Nach erfolgreicher Saison in eine ungewisse Zukunft

SPORT REGIONAL, by tz.

Die Regionalliga-Volleyballer des TuS Jork werden sehr wahrscheinlich eine Liga tiefer melden – Sogar eine Auflösung droht 

Von GÜNTHER SCHULTZ

JORK. Obwohl die Volleyballer des TuS Jork eine total erfolgreiche Regionalliga-Saison gespielt haben, in der das ursprünglich gesetzte Saisonziel Klassenerhalt mit Platz 3 weit übertroffen wurde, kam am Ende negative Stimmung in der Mannschaft auf. Nicht alle Spieler sollen zu ihrem Wort gestanden haben, das sie vor der Saison gaben. Sie sollen nicht verlässlich mitgeholfen haben, noch mehr zu erreichen.

Nun brodelt die Gerüchteküche. Das Team, so heißt es in der Volleyballszene, wolle sich Bundesliga-Aufsteiger SVG Lüneburg anschließen. Was die Betroffenen eher amüsiert. „Das läuft nicht“, so Teamchef Rolf Schmitt kurz und bündig. Volleyballspartenleiter Axel Schuback stellt klar: „Zwei höherklassige Vereine, darunter die SVG, haben bei uns vorgefühlt, ob unser Ligaplatz für ihren Unterbau zu haben wäre. Auf unserer letzten Mannschaftssitzung fand sich aber keine Mehrheit dafür, nach Lüneburg zu wechseln und das Regionalliga-Spielrecht übertragen zu lassen. Oder dafür, dass SVG-Spieler pro forma zum TuS Jork wechseln, die dann weiter in Lüneburg trainieren, dort ihre Spiele austragen und ein Jahr später bei einem Rückwechsel den Ligaplatz mitnehmen.“ 

Nach diesem Modell hatte der TuS Jork 2005 das Regionalliga-Spielrecht seines aufgelösten Frauenteams dem USC Braunschweig zugeschustert – eine vom Reglement gedeckte Mogelpackung, die schon damals so manchen Volleyball- und Sportinteressierten sportlich fragwürdig erschien. Wie auch jetzt den Jorker Herren. „So etwas wird von uns abgelehnt“, macht TuS-Spieler Thorsten Kück deutlich.
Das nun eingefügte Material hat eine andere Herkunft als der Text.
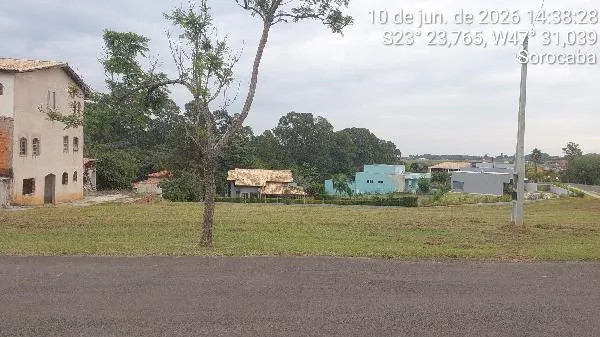 Imagem do imóvel TE76108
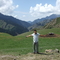 DSCF0297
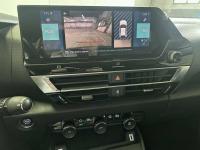 Citroën C4 ë-C4 eléctrico 100kW Shine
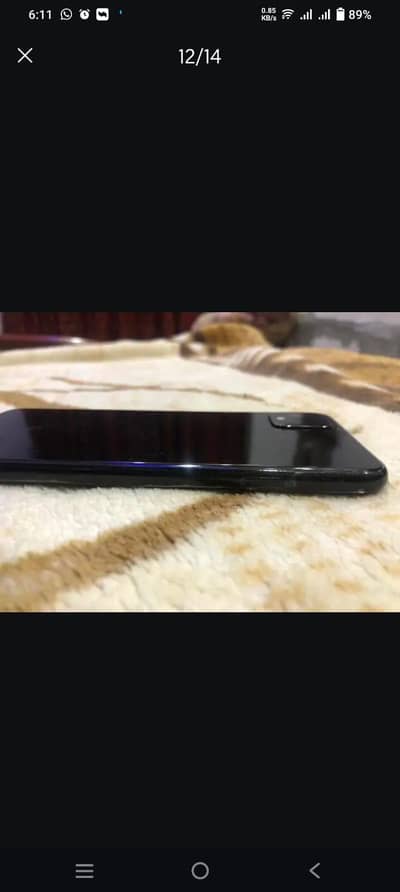 Google pixel 4xl sale Non pta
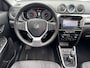 Suzuki Vitara 1.4 Boosterjet Stijl | Pano | Trekhaak | Camera | Stoelverwarming | Adaptive Cruise | Climate Control | Navigatie
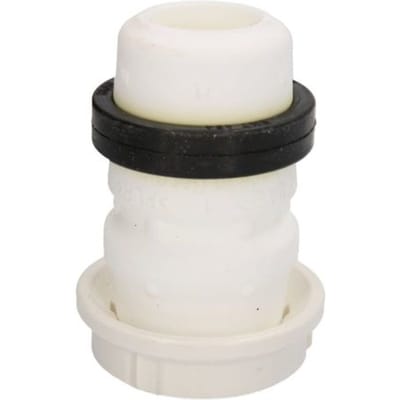 Aanslagbuffer, ophanging FEBI BILSTEIN 23448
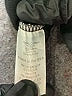 Michael Stars Black Short Sleeve Top Size Sm (0) - photo 8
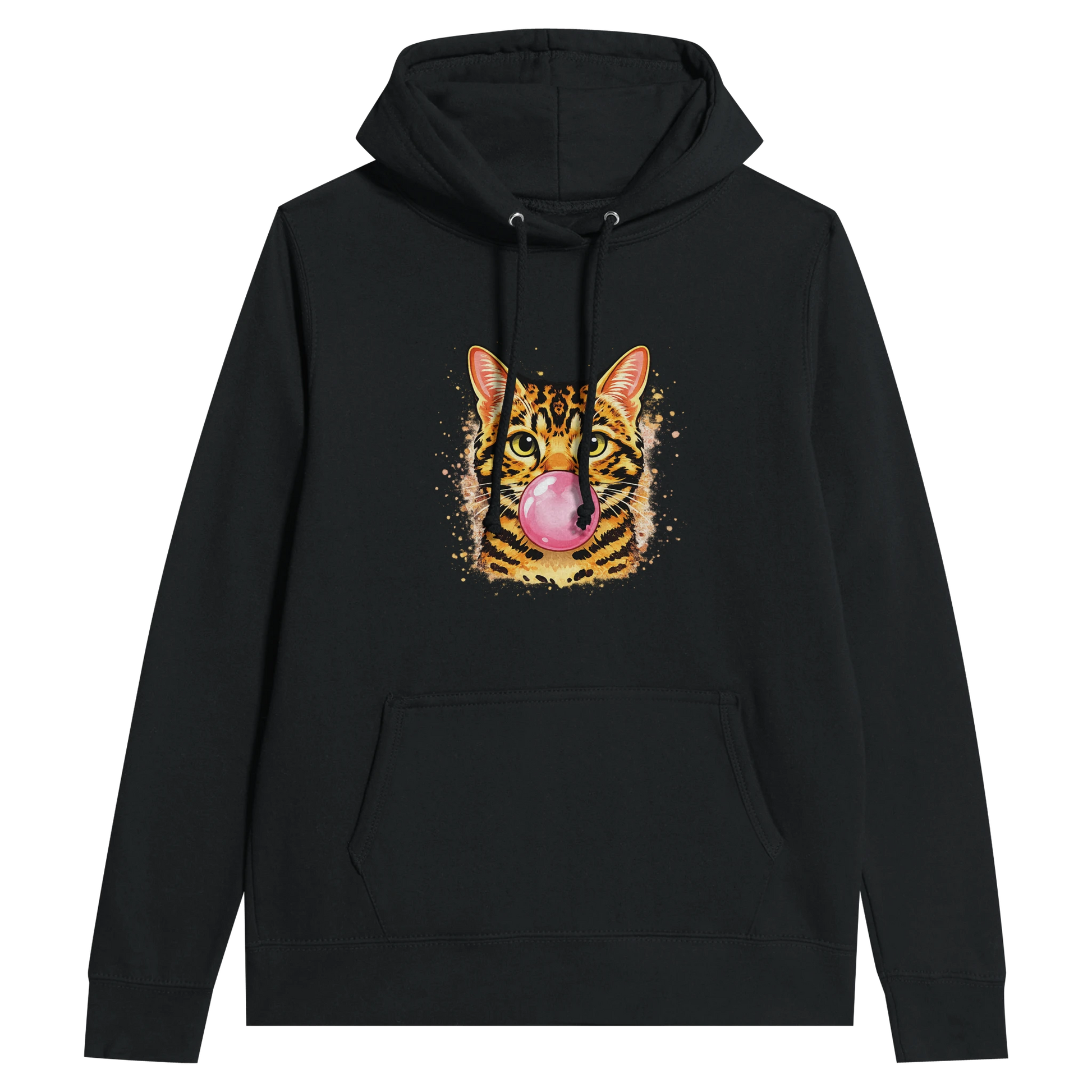 0ebb421a-eb74-4ae8-8f38-d6195f4a7529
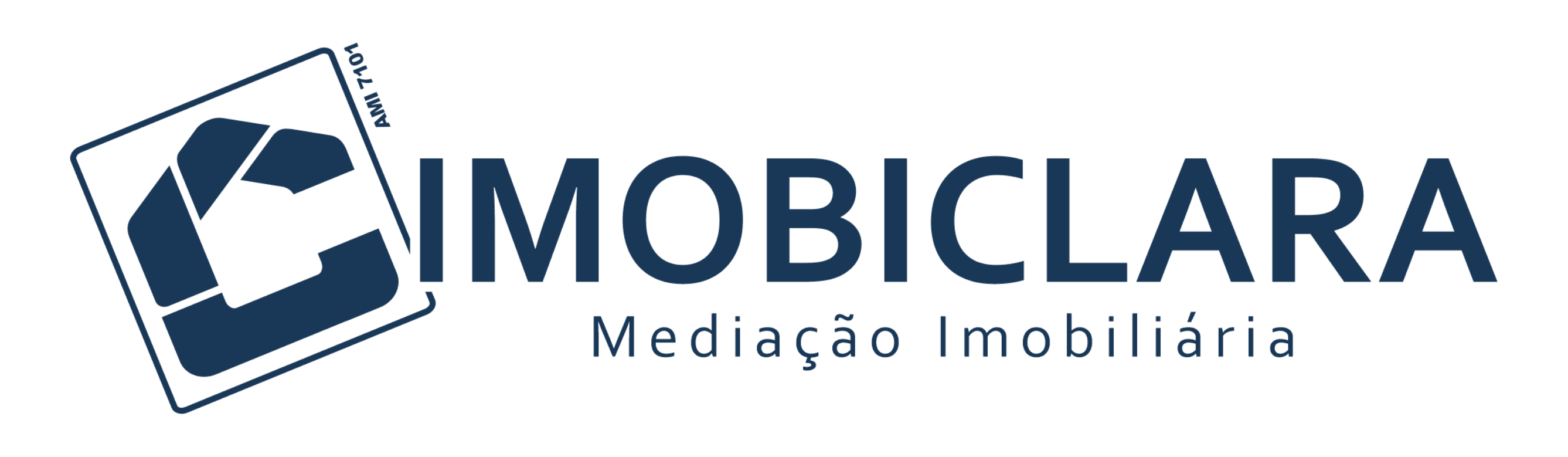 Imobiclara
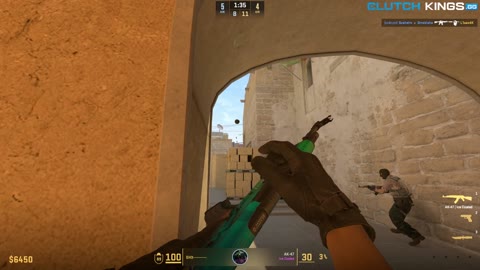 Clip #166508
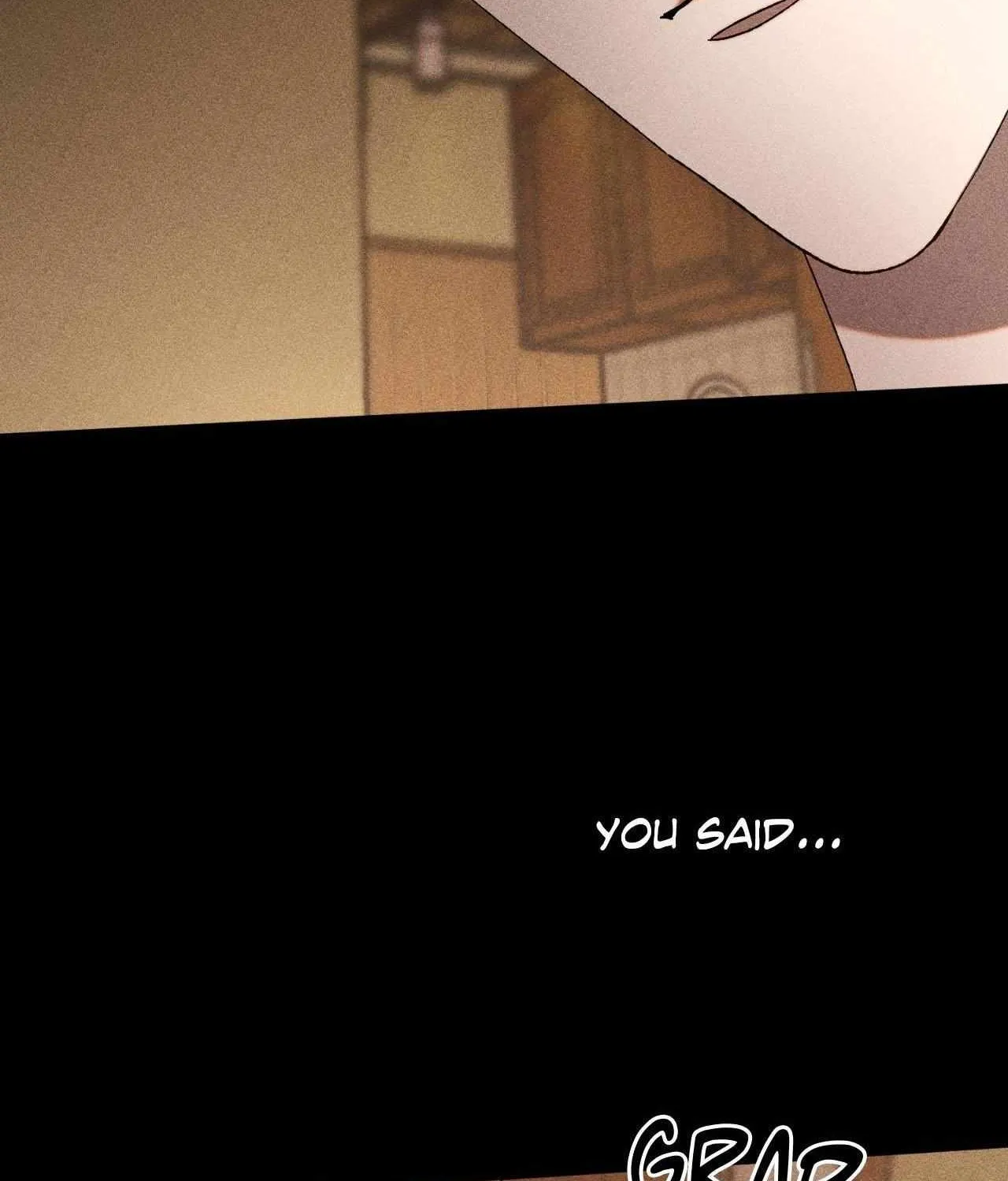 Cash or Credit Chapter 61 page 17 - 
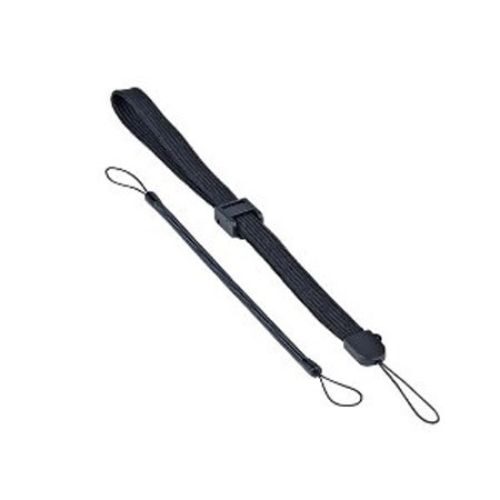 Curea de mana EA50X Unitech 383170G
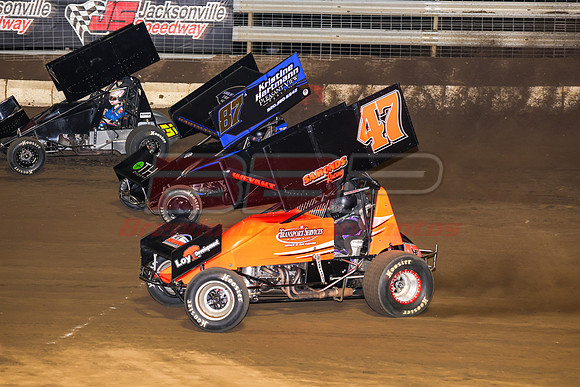 BBP_Jax0912-181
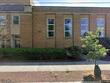 1001 moore st, huntingdon,  PA 16652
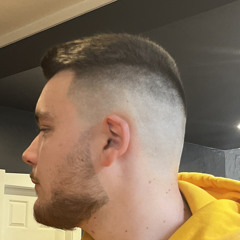 Djbugman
Doch wie soll es nun weitergehen? „Die letzte Entscheidung ist noch nicht gefallen“, sagt Abteilungsleiter Schuback. Meldeschluss für die Regionalliga ist der 30. April. Bis dahin müsste laut Schuback allerdings ein kleines Wunder geschehen: „Lediglich vier unserer Spieler konnten bisher zusagen, in der kommenden Saison bei allen Spielen dabei zu sein. Alle anderen können aufgrund familiärer, beruflicher Verpflichtungen oder aus Studiengründen nur unregelmäßig am Trainings- und Spielbetrieb teilnehmen. Wir brauchen also noch bis zu sechs Neuzugänge, die in der Lage sind, alle Termine wahrzunehmen.“

Andernfalls droht der Rückzug der Mannschaft in die Oberliga – oder sogar die Auflösung. Schuback: „Nur noch just for fun zu spielen, reicht nicht allen von uns.“

Eine Spielgemeinschaft mit Nachbarvereinen wie dem TSV Hollern-Twielenfleth, der seine Verbandsliga-Mannschaft ebenfalls aus personellen Gründen in die nächsttiefere Spielklasse zurückziehen muss, ist mittlerweile kein Thema mehr. „Da gibt es kaum positive Resonanz. Jeder Verein hier in der Region pflegt seine eigenen Interessen“, stellt Schuback ernüchtert fest.